→ WHAT NEEDS TO BE DONE
Each line in the records below, from the one that contains "Mokka - Princess Bow Lace Trim Cat Bib" to the one that contains "Pendentif Septaria ovale en argent 925", should be reproduced exactly, the first and last included.

→ INPUT DATA
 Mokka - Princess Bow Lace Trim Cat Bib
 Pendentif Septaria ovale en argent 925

--

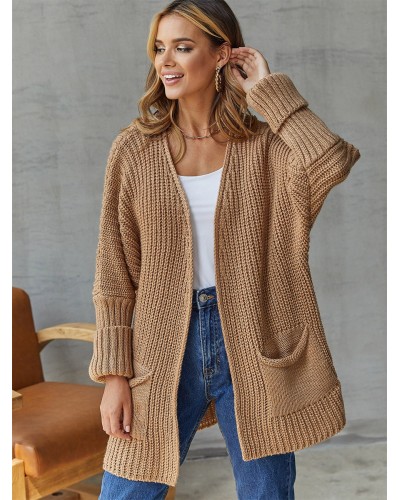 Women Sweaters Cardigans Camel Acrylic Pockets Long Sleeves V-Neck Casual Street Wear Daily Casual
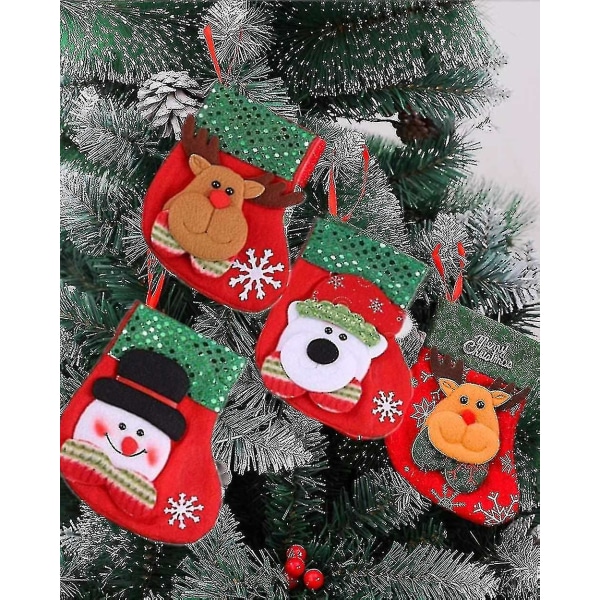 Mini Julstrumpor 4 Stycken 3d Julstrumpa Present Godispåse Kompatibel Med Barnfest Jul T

→ SOLUTION FOR THIS PROBLEM
 Mokka - Princess Bow Lace Trim Cat Bib
 Pendentif Septaria ovale en argent 925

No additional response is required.